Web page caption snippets
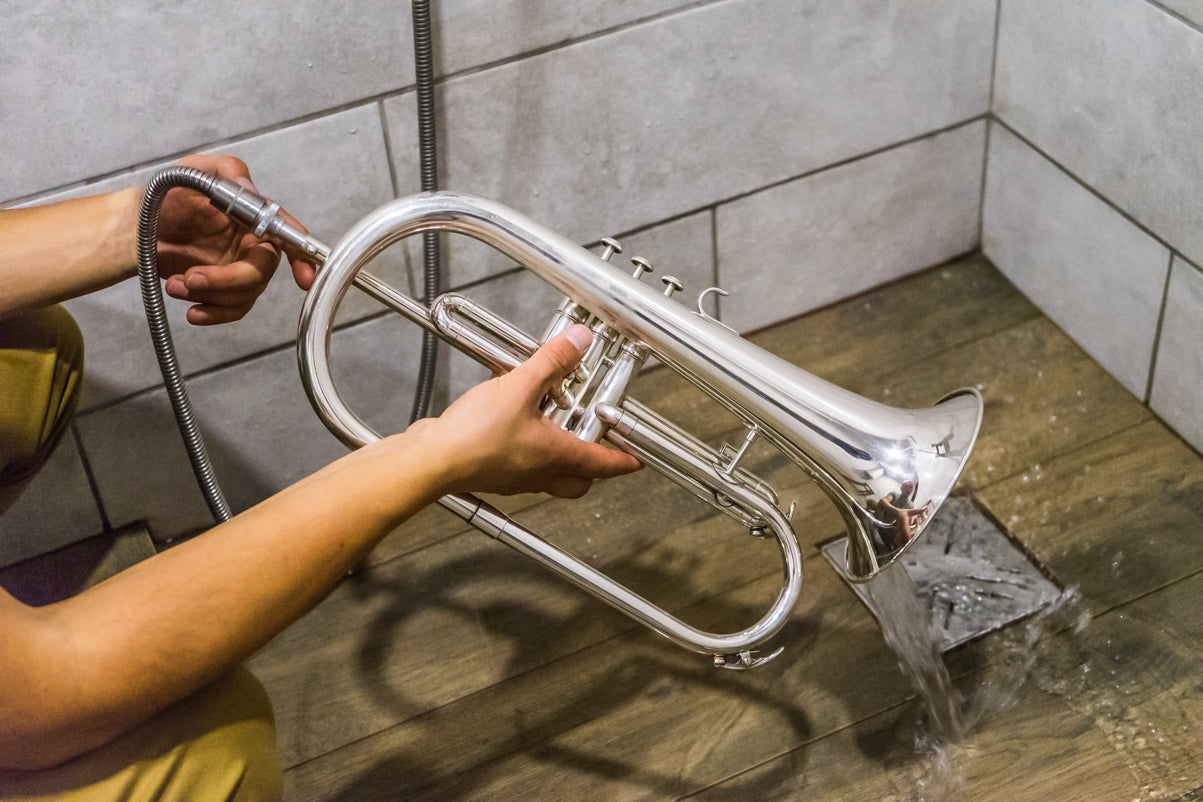 Cleaning flugelhorn with a KGUmusic Aqua Nozzle. 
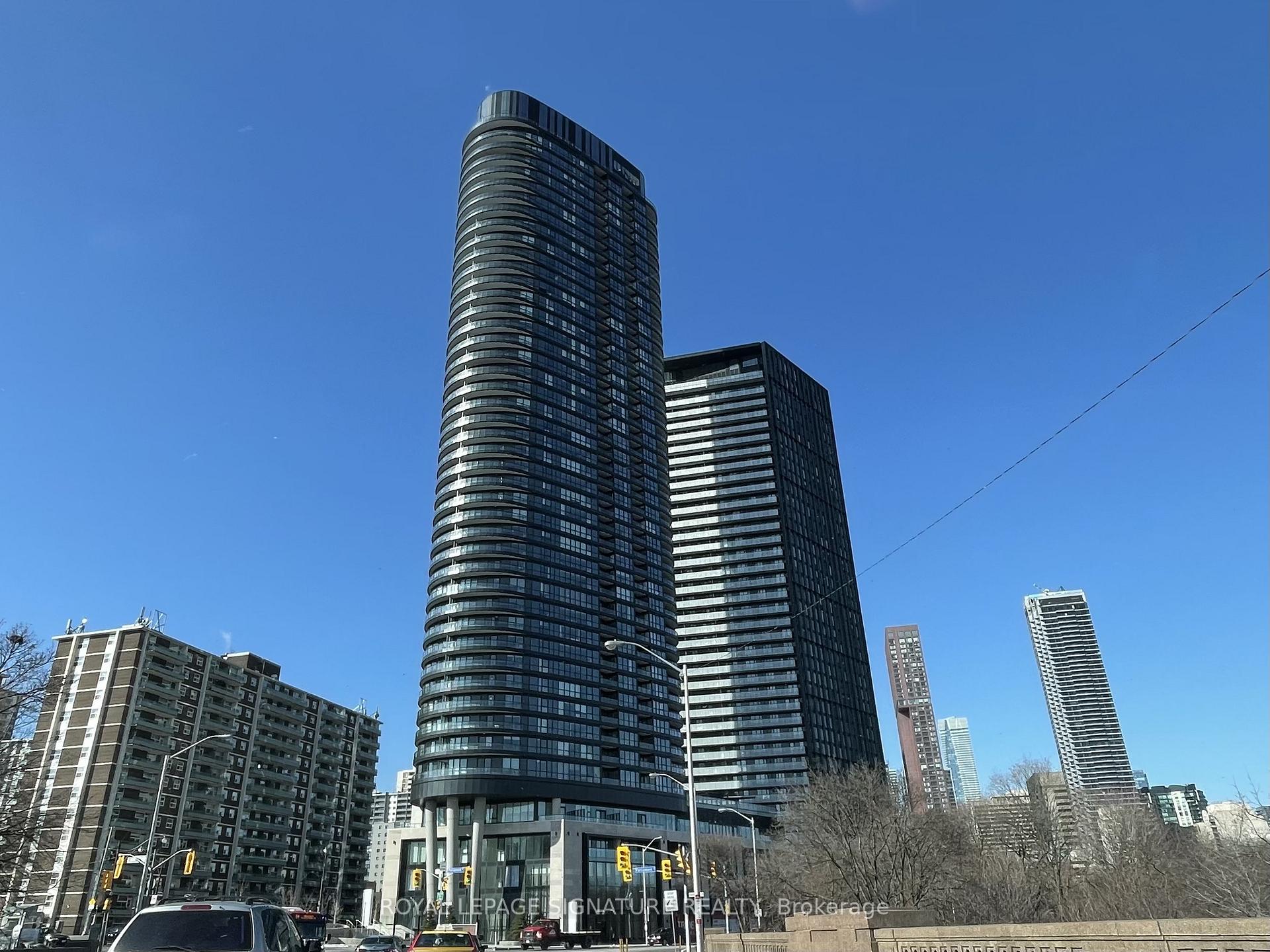 585 Bloor Street E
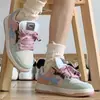 Diseño de Nicho Color-Blocking 2026 Nuevas Zapatillas con Bloques de Color Arcoíris Tendencia Nacional Estrella para Mujeres y Parejas, Zapatos Casuales Versátiles de Suela Gruesa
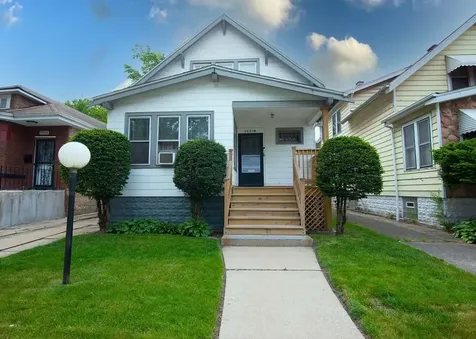 12018 South Wentworth Avenue Chicago IL 60628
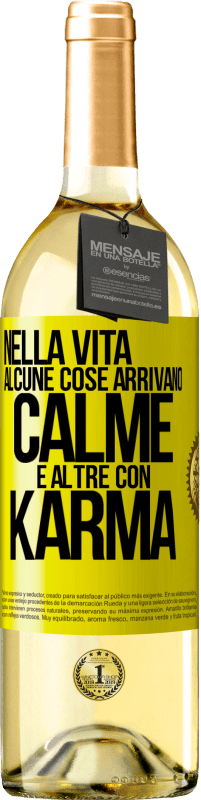 Spedizione Gratuita | Vino bianco Edizione WHITE Nella vita alcune cose arrivano calme e altre con karma Etichetta Gialla. Etichetta personalizzabile Vino giovane Raccogliere 2023 Verdejo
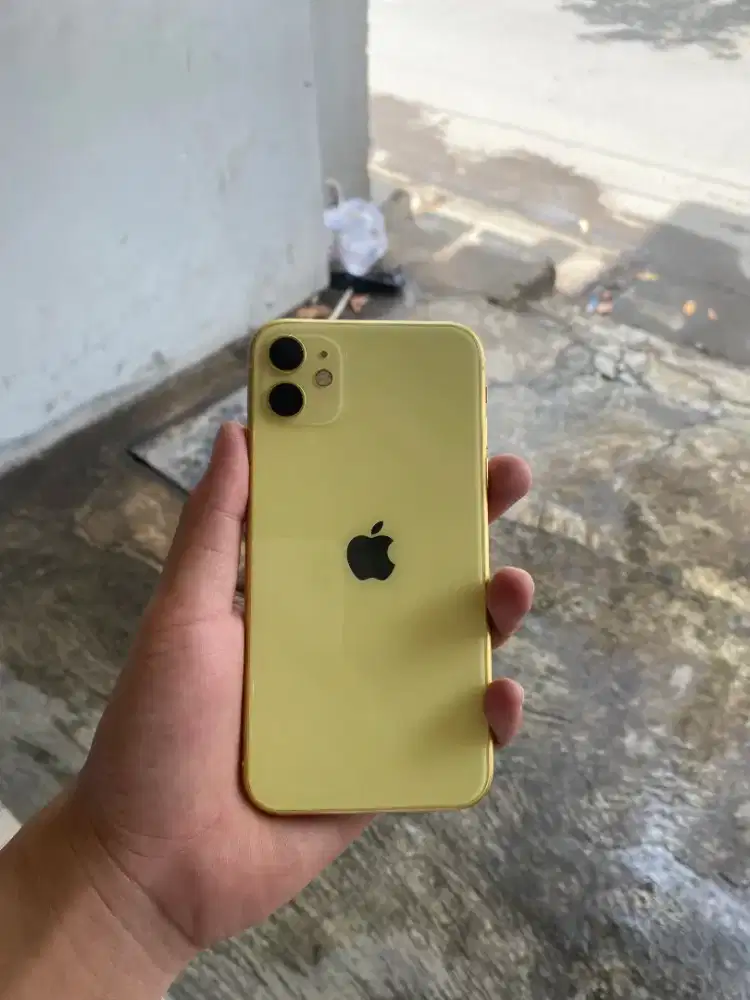 iPhone 11 resmi beacukai 128gb setara ibox
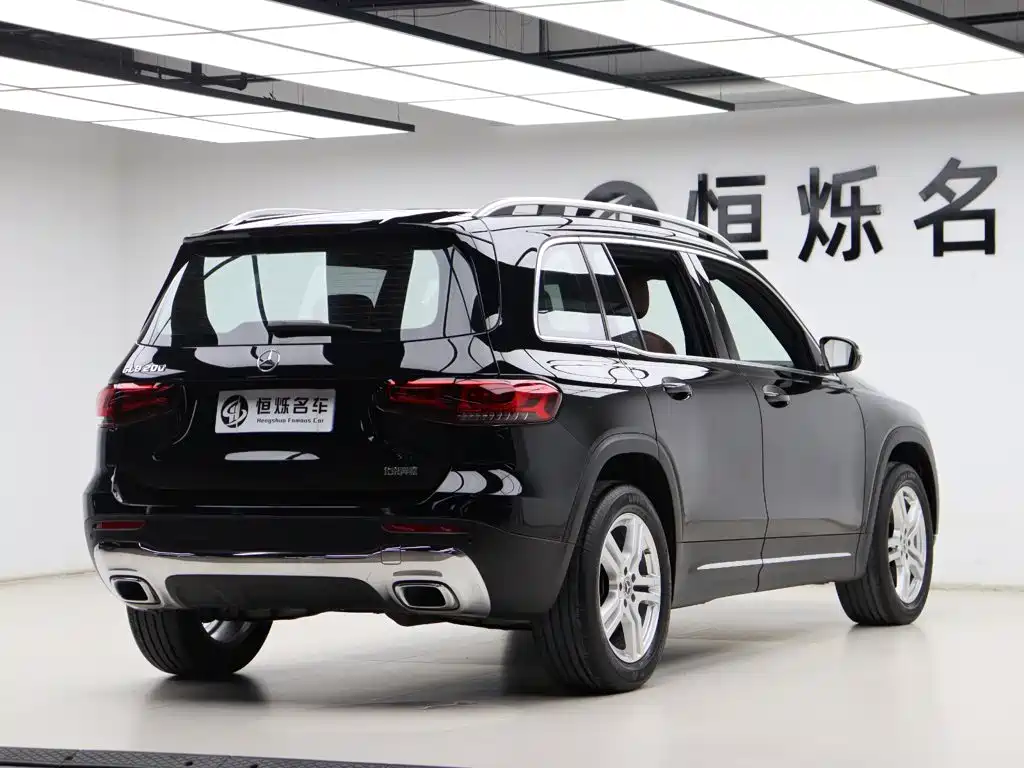 Mercedes-Benz GLB — фото 24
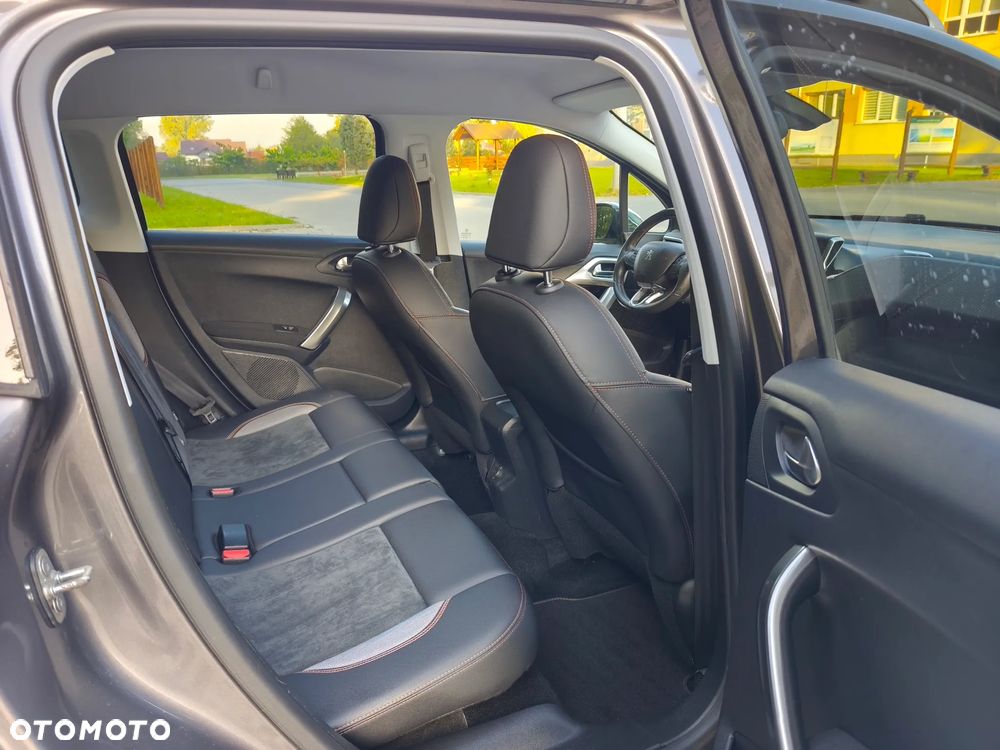 Peugeot 2008 - 21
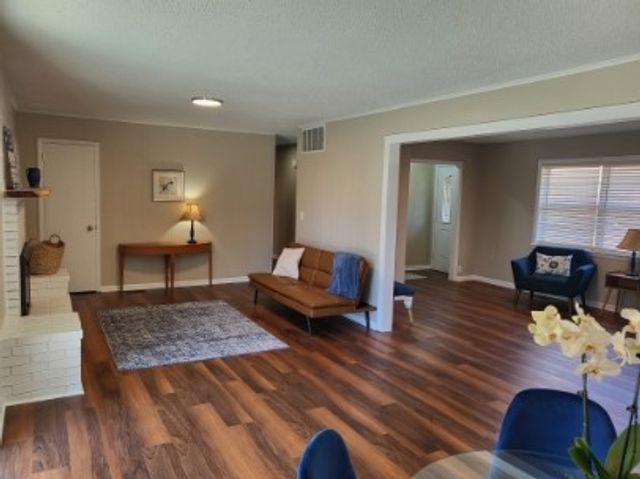 42 thompson, Clarksville, AR 72830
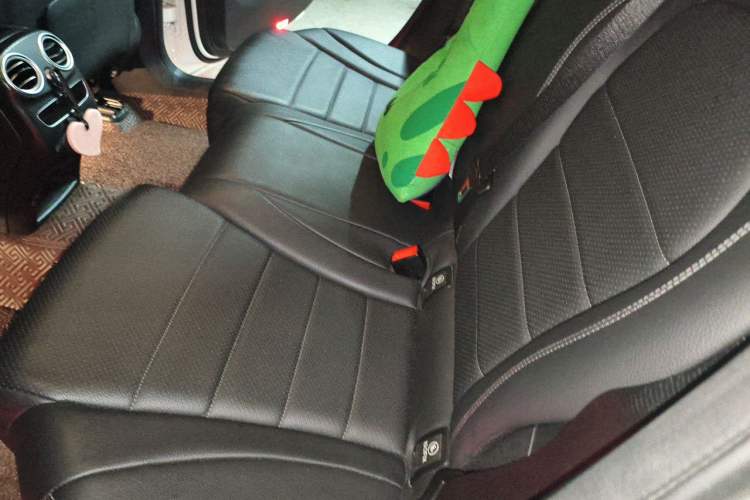 Used Mercedes-Benz GLC 2020 Facelift GLC 260 L 4MATIC Luxury Edition Left Rear Seat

WORK TO COMPLETE:
Reproduce the records above word for word, without the images.

WRITTEN RESPONSE:
 Cleaning flugelhorn with a KGUmusic Aqua Nozzle. 
 585 Bloor Street E
 Diseño de Nicho Color-Blocking 2026 Nuevas Zapatillas con Bloques de Color Arcoíris Tendencia Nacional Estrella para Mujeres y Parejas, Zapatos Casuales Versátiles de Suela Gruesa
 12018 South Wentworth Avenue Chicago IL 60628
 Spedizione Gratuita | Vino bianco Edizione WHITE Nella vita alcune cose arrivano calme e altre con karma Etichetta Gialla. Etichetta personalizzabile Vino giovane Raccogliere 2023 Verdejo
 iPhone 11 resmi beacukai 128gb setara ibox
 Mercedes-Benz GLB — фото 24
 Peugeot 2008 - 21
 42 thompson, Clarksville, AR 72830
 Used Mercedes-Benz GLC 2020 Facelift GLC 260 L 4MATIC Luxury Edition Left Rear Seat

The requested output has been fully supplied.